Where is the Life we have lost in living?/Where is the wisdom we have lost in knowledge?/Where is the knowledge we have lost in information?—T S Eliot.

These oft-quoted lines are perhaps a poignant reflection of the disenchantment in contemporary learning. Odes have been written to the teacher in the past and continue to be composed even now when we have an entire generation asking for a “facilitator” to replace the good old, harried teacher! Teaching never was a lucrative profession, much less an envied one, for only the ones who did not qualify any of the competitive examinations frustratingly took up this “vexed” career for want of anything else to do!

Ask any of the youngsters and their doting parents these days and they would nod their head in sagacious agreement.

A terribly sad state of affairs this is, which merits serious consideration.
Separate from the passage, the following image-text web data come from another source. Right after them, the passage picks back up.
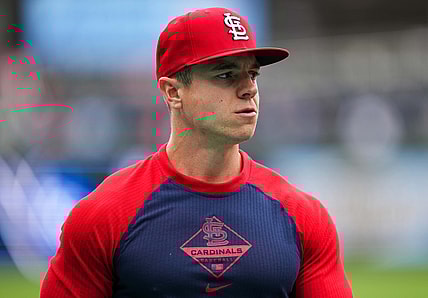 May 3, 2022; Kansas City, Missouri, USA; St. Louis Cardinals left fielder Tyler O'Neill (27)  before the game against the Kansas City Royals at Kauffman Stadium. Mandatory Credit: Jay Biggerstaff-USA TODAY Sports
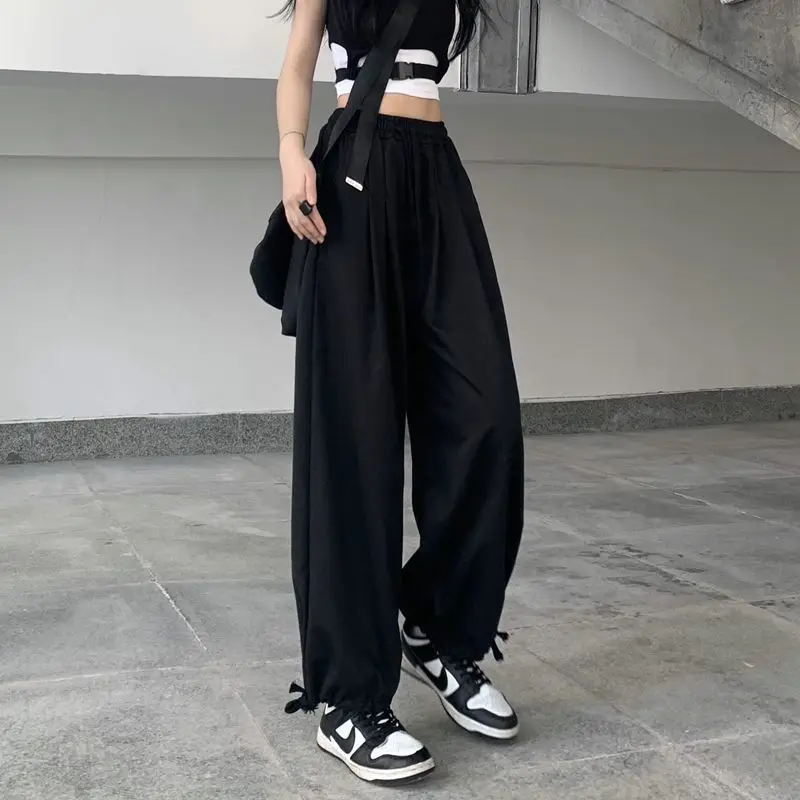 Loose Straight Pants New High Waist American Solid Color Women's Pants Drawstring Woman Grey Casual Pants Summer Female
Loose Straight Pants New High Waist American Solid Color Women's Pants Drawstring Woman Grey Casual Pants Summer Female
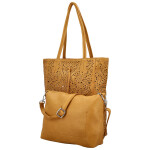 Módní dámský koženkový set kabelek Safira, žlutý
Could we teachers hold a “looking glass” to ourselves and ask if there is even an iota of truth in what the 21st century teen despairs at? How many teachers teach from the heart? How many in the profession actually prepare lessons for the next day and how many dream the night away lost in the myriad ways in which the most boring chapters could be brought to life, making an indelible impression on the young mind? How many teachers are committed enough to understand that there is an absolute paucity of people who read to GROW in this tech-savvy world and if students had a well-informed teacher, she could influence an entire generation to look at the world through her eyes?

An awe-inspiring teacher would thus command respect and love from the student body. Matters of indiscipline and ambiguity in lessons would not consume time and space at PTA/staff meetings with the right choice of teachers in schools.

Travel is a wonderful educator and affords the best exposure. The frog-in-the-well attitude does not bode well for the teaching profession because students are always looking for that “something extra”. The need for class control cannot be underscored, for, unless the class is attentive, how does a child understand? It is also important to keep communication lines open at all times, vis-a-vis teacher-student-parent, for the child is constantly emulating the guardians in school and school mates and teachers at home. Often, behind a problem child is an indifferent teacher or lack-lustre parenting. These days, education boards make a big fuss about Value-based Teaching. Expert guidelines are sent to all schools and workshops held to orient the teaching fraternity on how to “teach” values! It is indeed lamentable that in a country like ours with a culture dating back to antiquity, our gurus have to be taught to identify a value in what they teach!

Teachers on their part are faced with new generation challenges — educated double income parents, changing lifestyles, social networking sites, fashion preferences and new fads in education which have caught the fancy of the nouveau rich who vie with each other to admit their precocious child in one or the other trendsetting school. Knowledge is relegated to the background, CCE firmly ensconced in classrooms but somewhere, somehow in the maze of activities in the virtual classroom, learning is lost!